● Recorded data
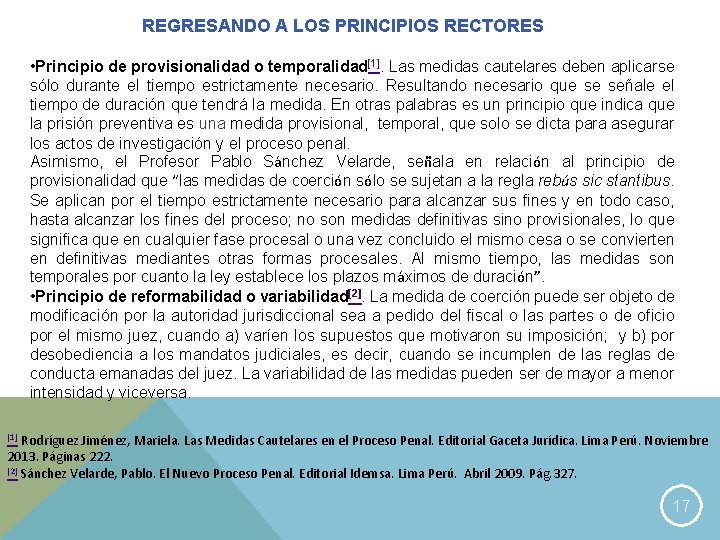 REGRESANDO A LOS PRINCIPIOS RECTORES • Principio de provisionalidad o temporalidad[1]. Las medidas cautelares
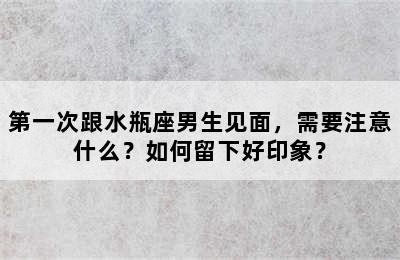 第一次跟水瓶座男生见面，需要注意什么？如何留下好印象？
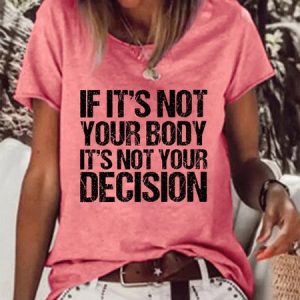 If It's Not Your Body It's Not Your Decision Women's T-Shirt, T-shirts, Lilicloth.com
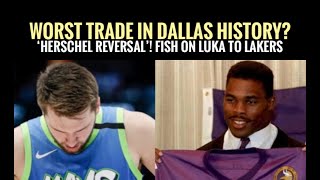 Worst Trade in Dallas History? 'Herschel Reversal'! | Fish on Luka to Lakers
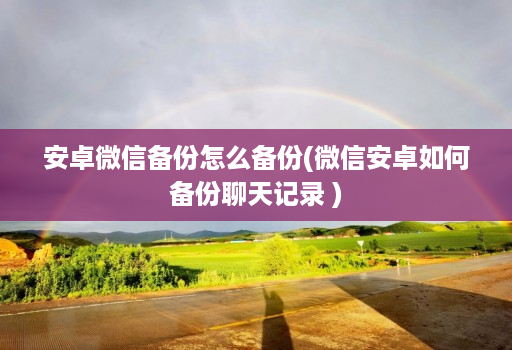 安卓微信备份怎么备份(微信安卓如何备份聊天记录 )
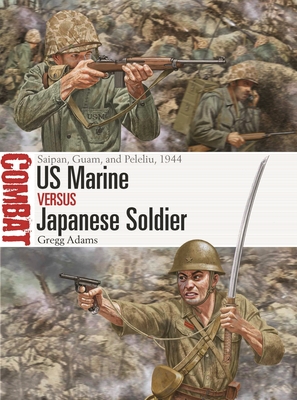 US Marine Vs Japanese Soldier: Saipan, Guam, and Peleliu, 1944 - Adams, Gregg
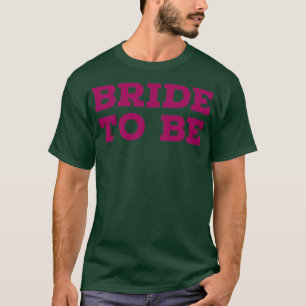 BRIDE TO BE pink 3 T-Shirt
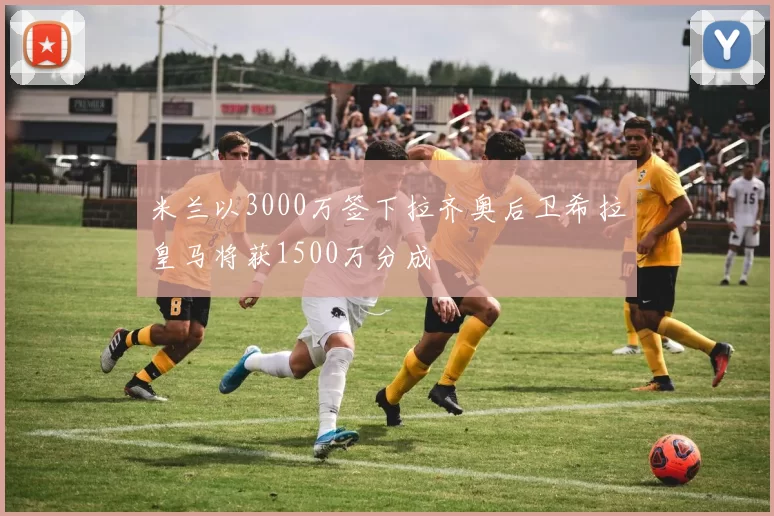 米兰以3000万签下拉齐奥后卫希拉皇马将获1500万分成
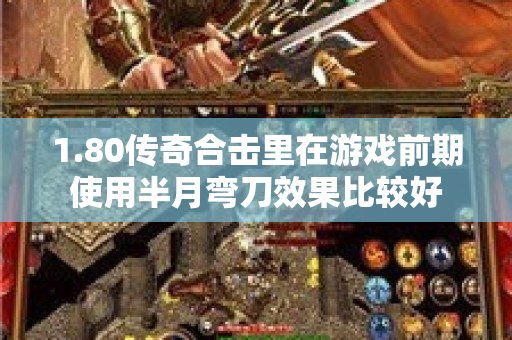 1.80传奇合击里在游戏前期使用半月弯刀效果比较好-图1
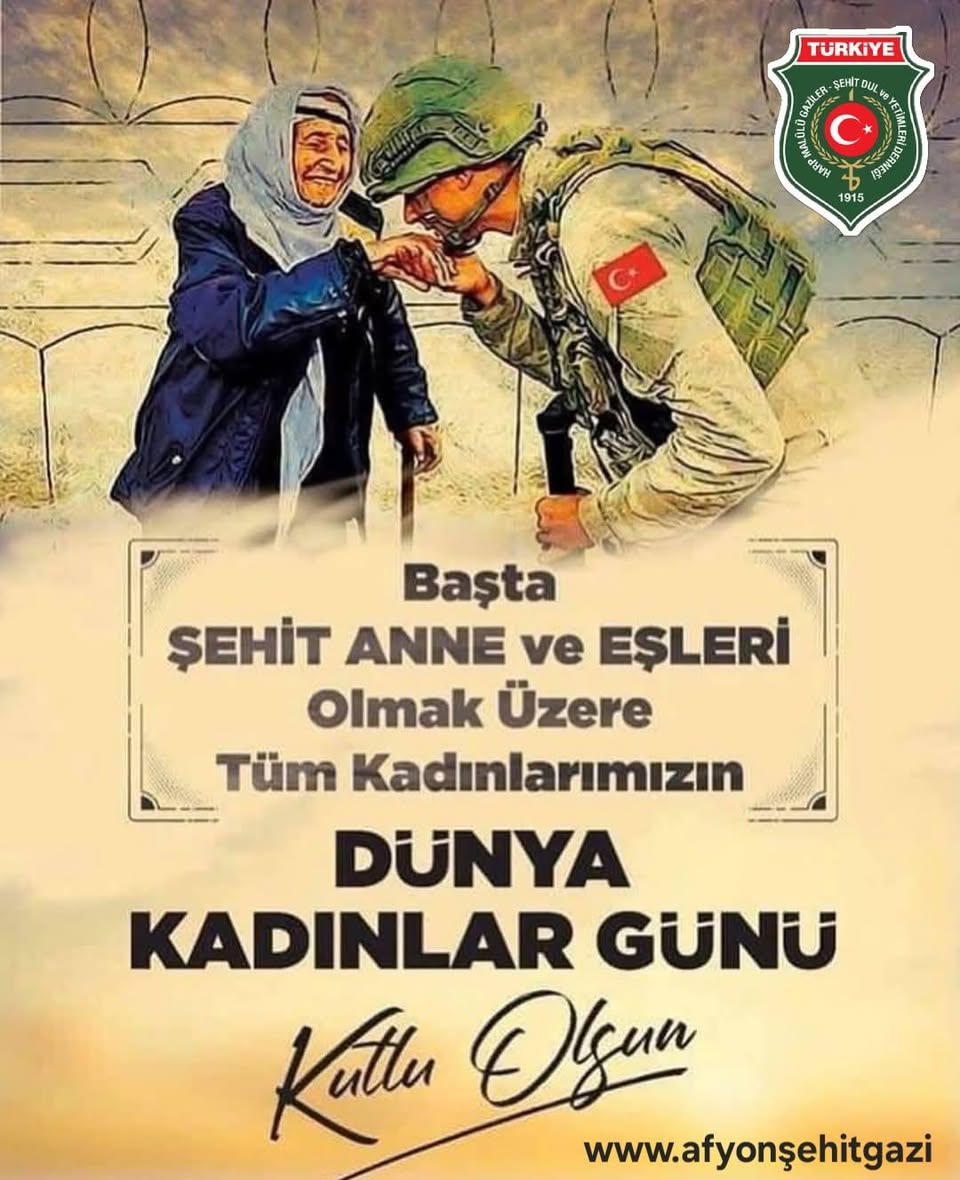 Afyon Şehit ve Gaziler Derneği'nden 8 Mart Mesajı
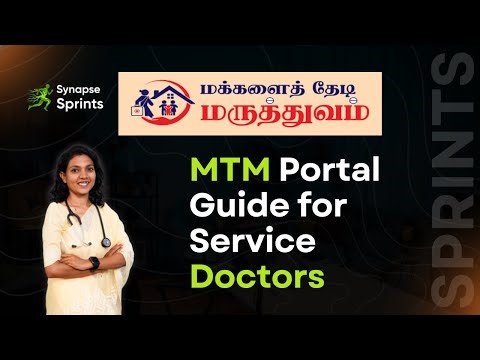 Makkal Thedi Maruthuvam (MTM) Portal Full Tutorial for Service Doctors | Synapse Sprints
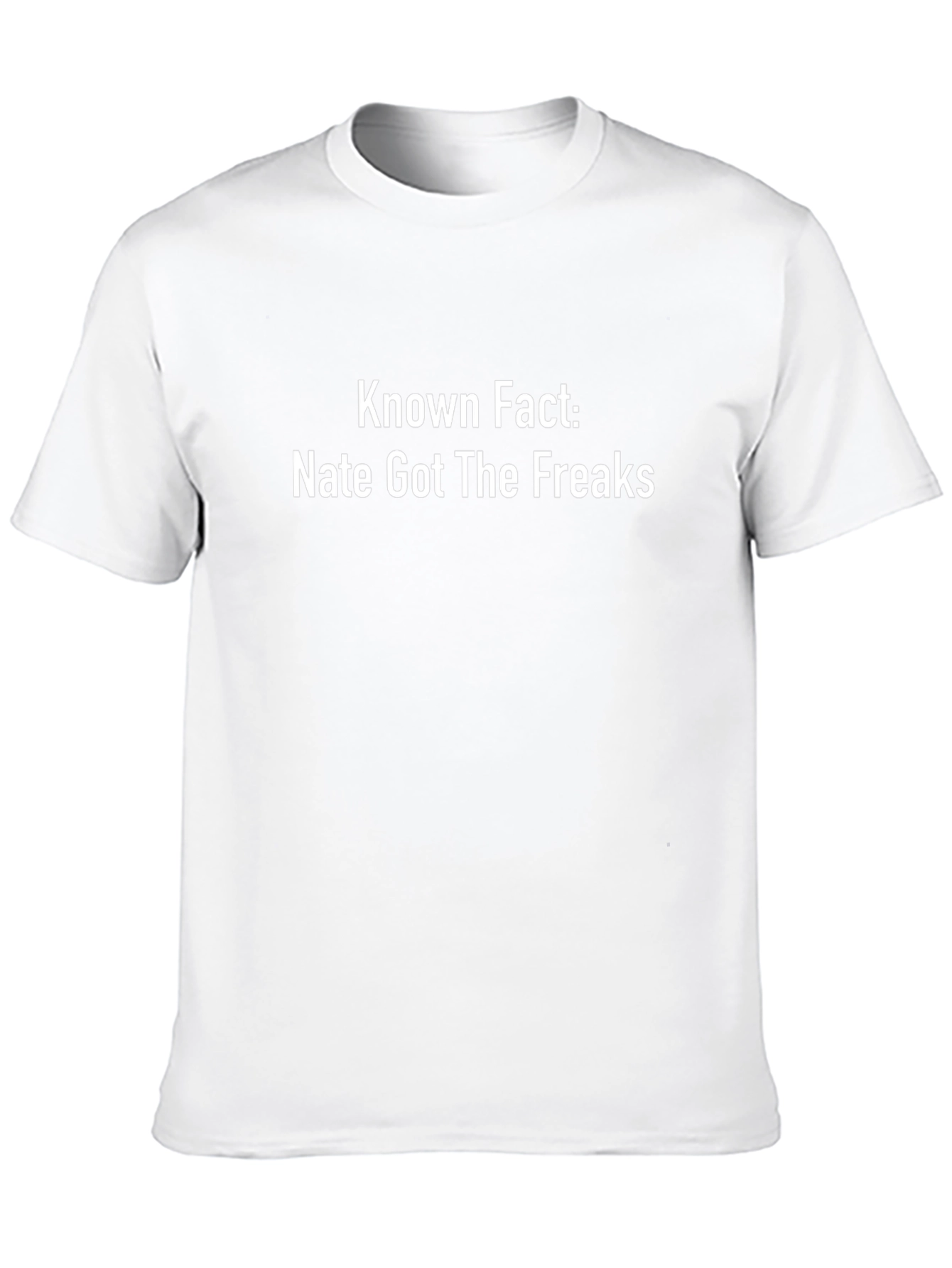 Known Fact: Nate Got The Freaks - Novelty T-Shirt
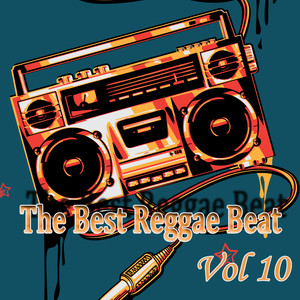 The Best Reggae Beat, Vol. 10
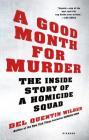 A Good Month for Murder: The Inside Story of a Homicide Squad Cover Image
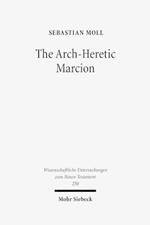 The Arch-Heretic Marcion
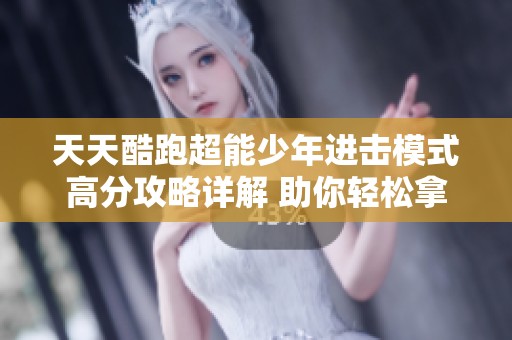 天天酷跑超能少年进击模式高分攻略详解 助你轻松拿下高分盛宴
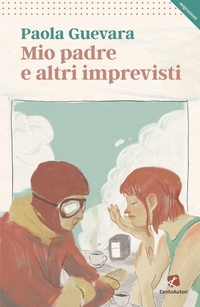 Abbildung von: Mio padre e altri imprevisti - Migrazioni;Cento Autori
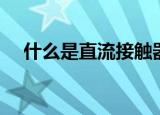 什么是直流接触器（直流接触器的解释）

● Task goal
From the line that contains "Known Fact: Nate" to the final line of the entries, reproduce every line exactly, both ends included. Leave out all pictures.

● Solution for this exercise
 Known Fact: Nate Got The Freaks - Novelty T-Shirt
 The Best Reggae Beat, Vol. 10
 A Good Month for Murder: The Inside Story of a Homicide Squad Cover Image
 The Arch-Heretic Marcion
 天天酷跑超能少年进击模式高分攻略详解 助你轻松拿下高分盛宴
 Abbildung von: Mio padre e altri imprevisti - Migrazioni;Cento Autori
 什么是直流接触器（直流接触器的解释）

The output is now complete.